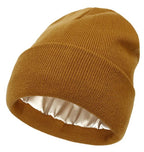 Knitted Wool Hat | Embroidered Cap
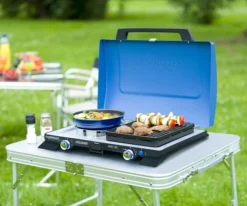 Campingaz 400 SG - 2-pits Kooktoestel 9 Campingaz 400 SG - 2-pits Kooktoestel -Campingreeksen Winkel 26857 7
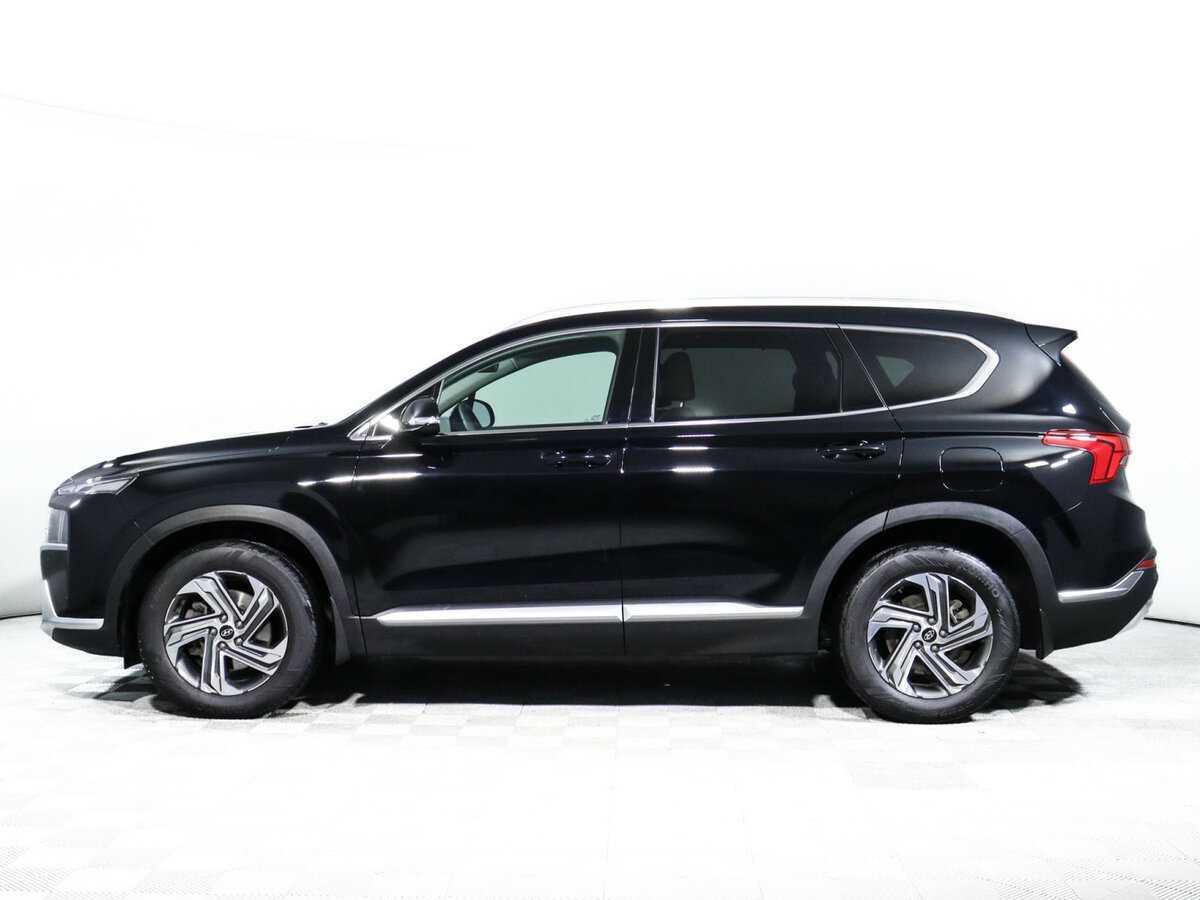 Купить Hyundai Santa Fe с пробегом. Фото: #4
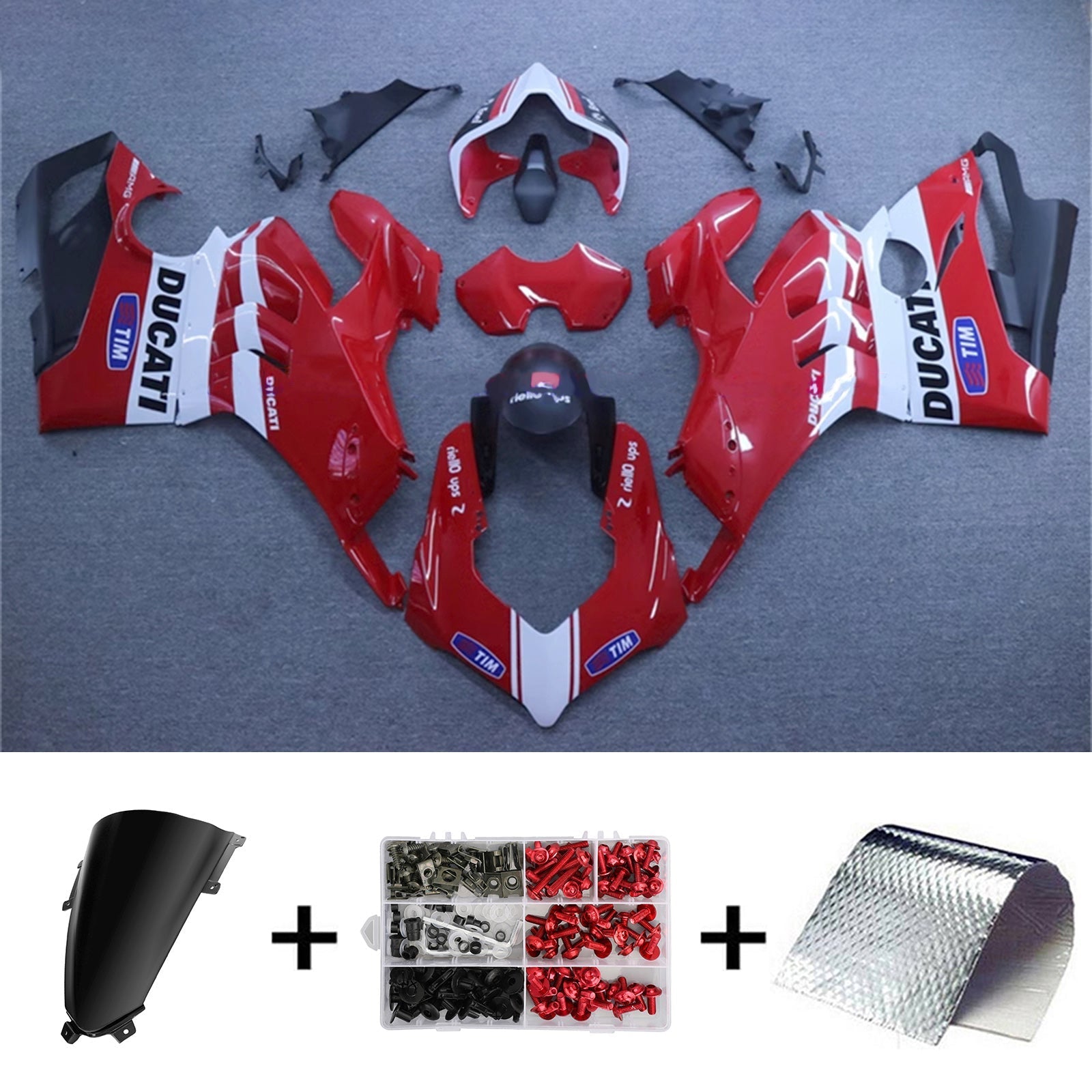 Ducati Panigale V4/V4S 20-21 V4SP/V4R 19-22 Kit Carenado Carrocería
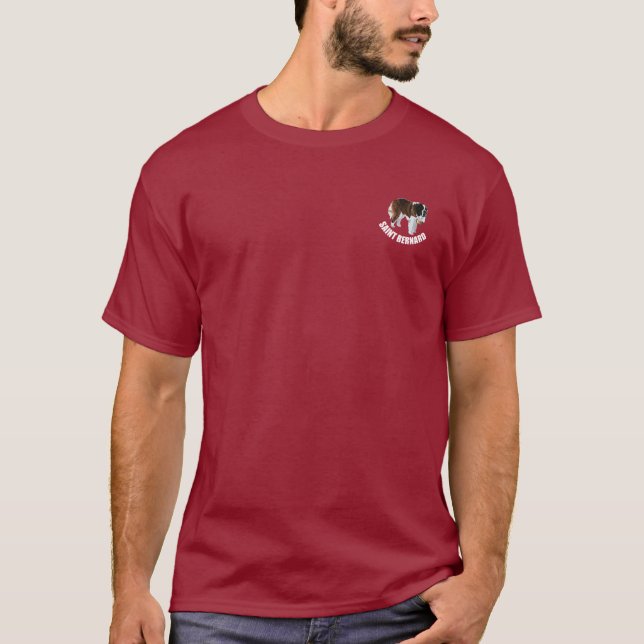 Saint Bernard T-Shirt (Front)
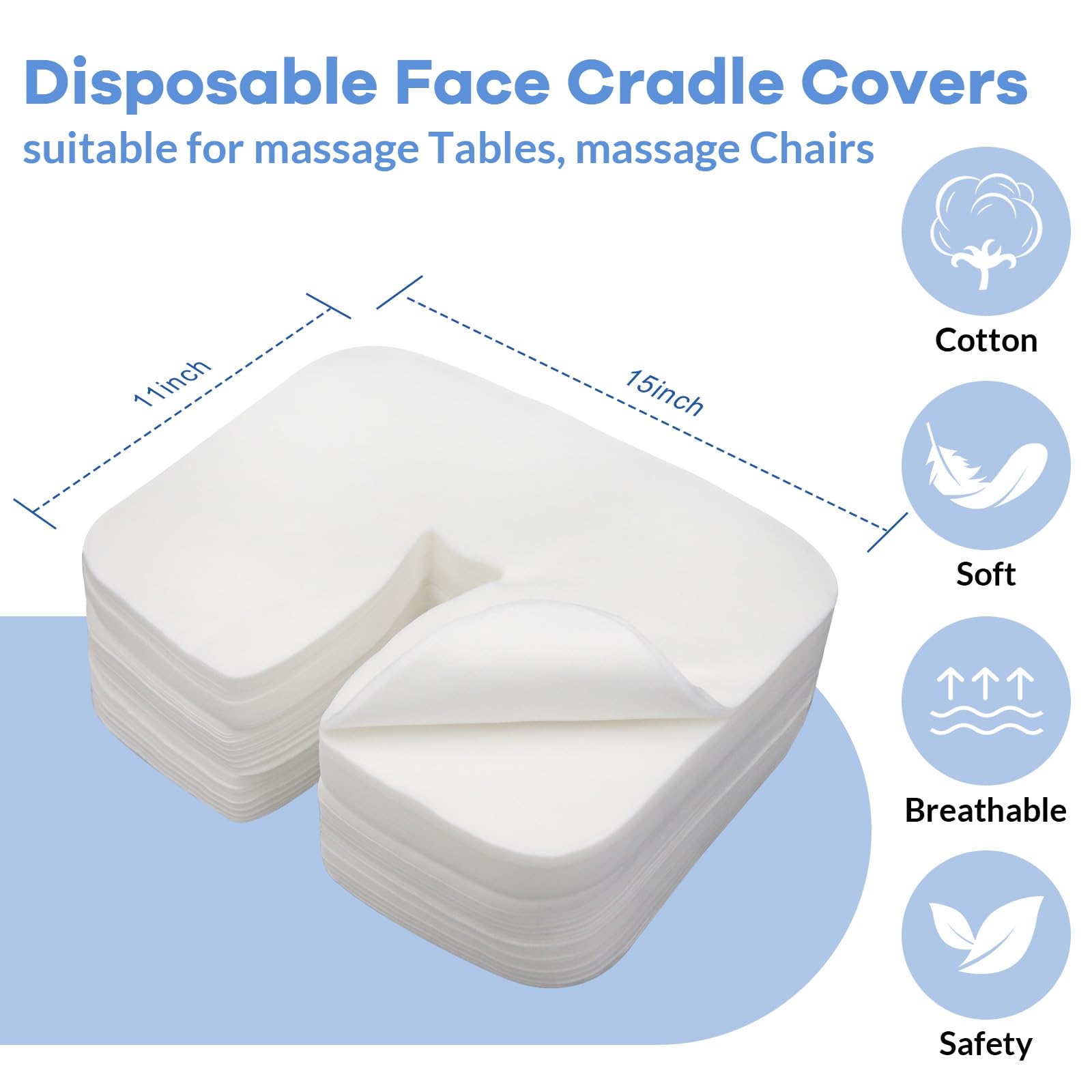 Tvvcalk close-up soft textured fiber demonstrating gentle feel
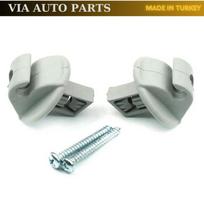 Sun Visor Bracket 2pcs For Renault OEM 7702255080 7700424981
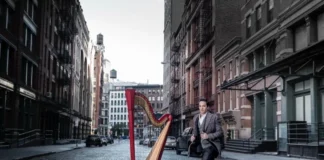 Music Network closes 2025 with harpist Emmanuel Ceysson & special guest Sarah Shine in Clifden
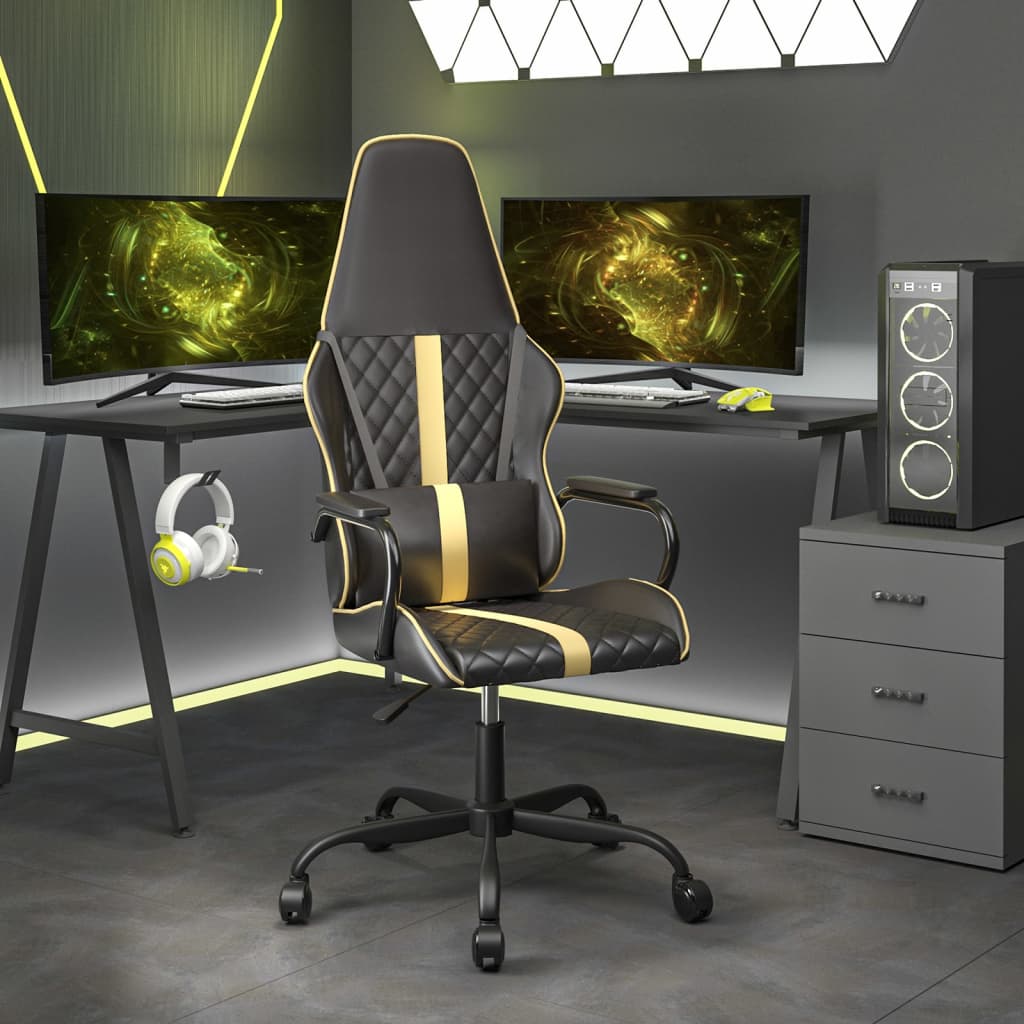 Sedia Da Gaming In Similpelle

┄┄┄┄┄┄┄┄┄┄┄┄┄┄┄┄┄┄┄┄

** WORK TO BE COMPLETED **
Repeat each line above exactly. The pictures stay out.

** REPLY **
 Knitted Wool Hat | Embroidered Cap
 Campingaz 400 SG - 2-pits Kooktoestel 9 Campingaz 400 SG - 2-pits Kooktoestel -Campingreeksen Winkel 26857 7
 Купить Hyundai Santa Fe с пробегом. Фото: #4
 Ducati Panigale V4/V4S 20-21 V4SP/V4R 19-22 Kit Carenado Carrocería
 Saint Bernard T-Shirt (Front)
 Tvvcalk close-up soft textured fiber demonstrating gentle feel
 Sun Visor Bracket 2pcs For Renault OEM 7702255080 7700424981
 Music Network closes 2025 with harpist Emmanuel Ceysson & special guest Sarah Shine in Clifden
 Sedia Da Gaming In Similpelle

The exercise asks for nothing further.